■ **EXERCISE GOAL**:
Would you transcribe the whole listing exactly, minus its pictures?

■ **GIVEN INFORMATION**:
# # #

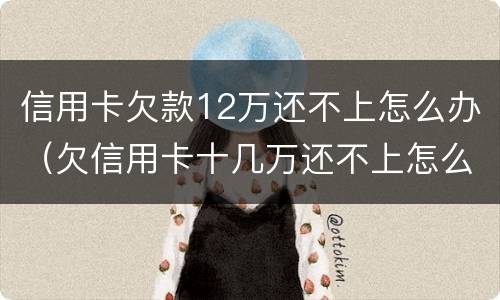 信用卡欠款12万还不上怎么办（欠信用卡十几万还不上怎么办）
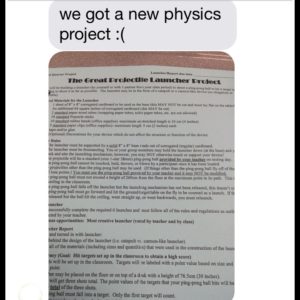 science project
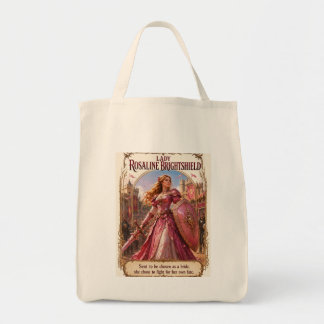 Rose Pink Armored Female Knight with Sword and Sh Tote Bag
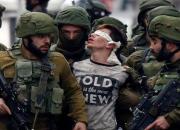 بازداشت 908 فلسطینی زیر 18 سال توسط رژیم منحوس صهیونیستی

# # #

■ **WRITTEN ANSWER**:
 信用卡欠款12万还不上怎么办（欠信用卡十几万还不上怎么办）
 science project
 Rose Pink Armored Female Knight with Sword and Sh Tote Bag
 بازداشت 908 فلسطینی زیر 18 سال توسط رژیم منحوس صهیونیستی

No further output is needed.